YOUR TASK: Each line below from the "Building Photo - 909 E 46th Ct" line through the "HOT WHEELS TRICERATOPS SALDIRISI OYUN SETİ 1" line, those two included, must be restated word for word; the pictures must not be.

WORKING DATA:
<<<<

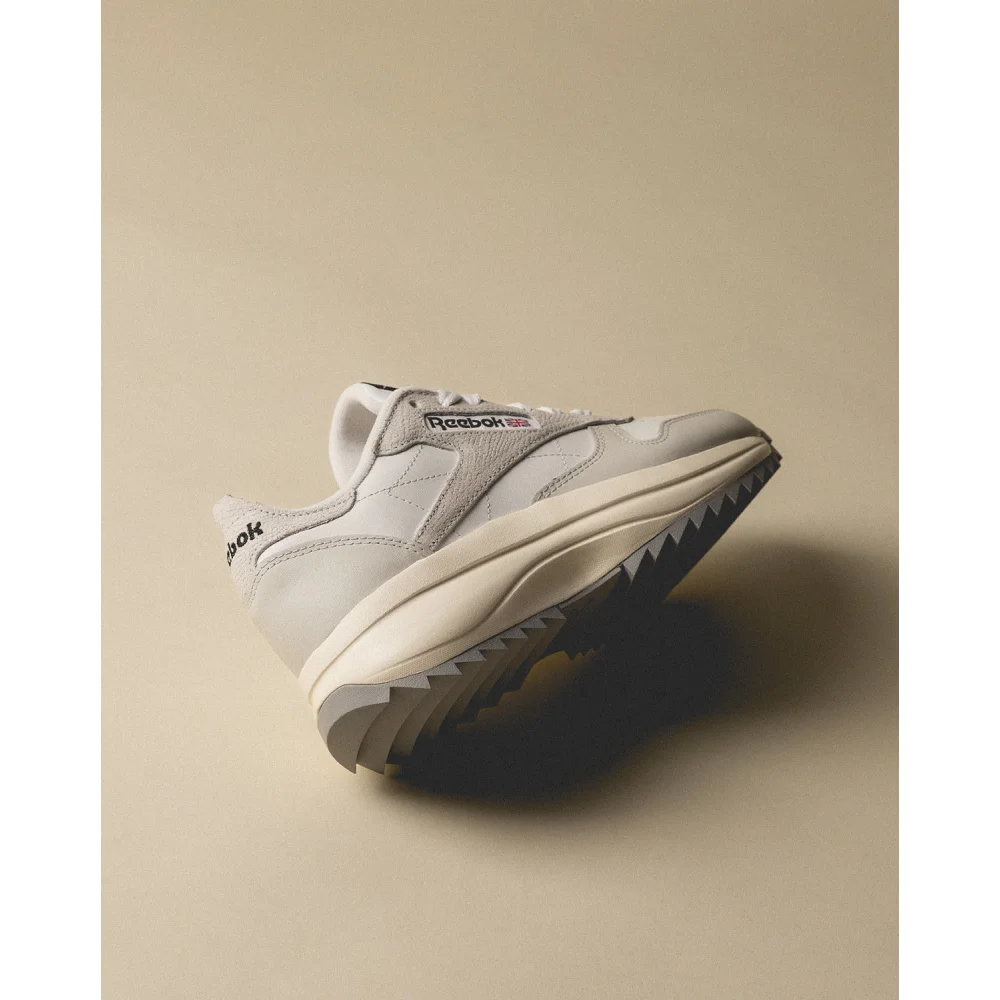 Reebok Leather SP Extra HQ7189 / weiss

>>>>
<<<<

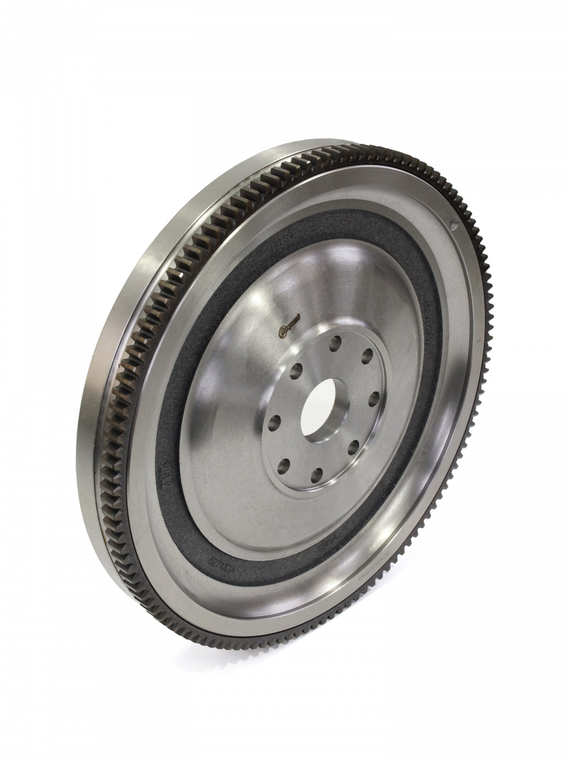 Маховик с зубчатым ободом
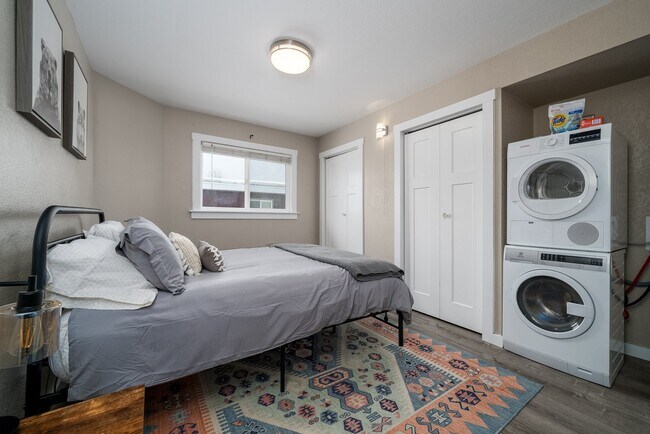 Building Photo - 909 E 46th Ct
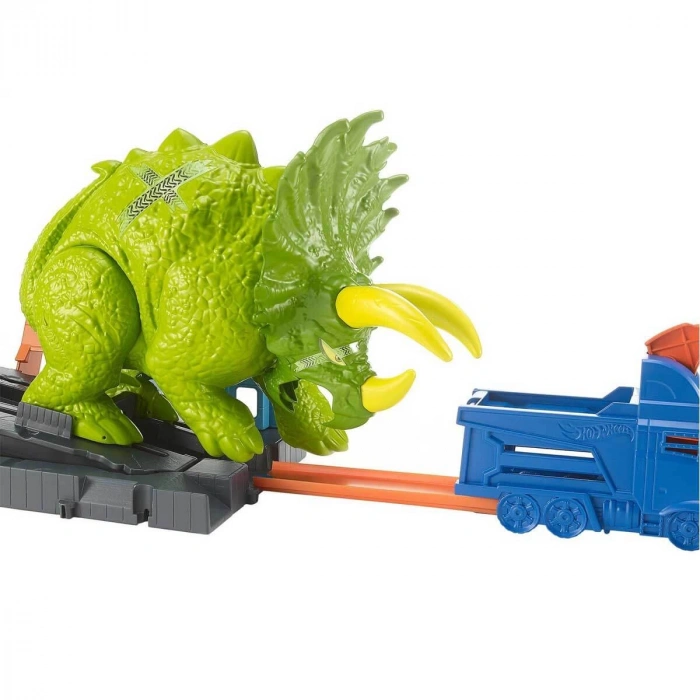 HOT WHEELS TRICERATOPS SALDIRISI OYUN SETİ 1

>>>>
<<<<

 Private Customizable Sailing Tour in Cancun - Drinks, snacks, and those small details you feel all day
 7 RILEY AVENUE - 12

>>>>

THE COMPLETED TASK:
 Building Photo - 909 E 46th Ct
 HOT WHEELS TRICERATOPS SALDIRISI OYUN SETİ 1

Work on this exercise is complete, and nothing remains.